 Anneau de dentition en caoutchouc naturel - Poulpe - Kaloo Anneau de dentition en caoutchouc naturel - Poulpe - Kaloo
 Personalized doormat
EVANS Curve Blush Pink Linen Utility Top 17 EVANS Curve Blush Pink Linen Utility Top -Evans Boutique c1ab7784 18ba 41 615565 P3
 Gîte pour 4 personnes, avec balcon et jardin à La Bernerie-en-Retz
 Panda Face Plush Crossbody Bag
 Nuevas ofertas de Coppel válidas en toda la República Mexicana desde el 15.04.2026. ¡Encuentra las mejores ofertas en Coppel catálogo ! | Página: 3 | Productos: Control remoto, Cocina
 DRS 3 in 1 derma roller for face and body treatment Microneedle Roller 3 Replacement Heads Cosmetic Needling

::::::

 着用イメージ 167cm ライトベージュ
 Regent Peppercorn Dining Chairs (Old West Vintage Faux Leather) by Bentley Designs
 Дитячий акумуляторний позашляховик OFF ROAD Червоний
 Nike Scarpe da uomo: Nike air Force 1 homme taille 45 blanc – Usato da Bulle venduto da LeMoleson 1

::::::

Beginning with the line that has "Panda Face Plush Crossbody Bag" and ending with the line that has "DRS 3 in 1 derma", set down the lines above exactly and include no others.

 Panda Face Plush Crossbody Bag
 Nuevas ofertas de Coppel válidas en toda la República Mexicana desde el 15.04.2026. ¡Encuentra las mejores ofertas en Coppel catálogo ! | Página: 3 | Productos: Control remoto, Cocina
 DRS 3 in 1 derma roller for face and body treatment Microneedle Roller 3 Replacement Heads Cosmetic Needling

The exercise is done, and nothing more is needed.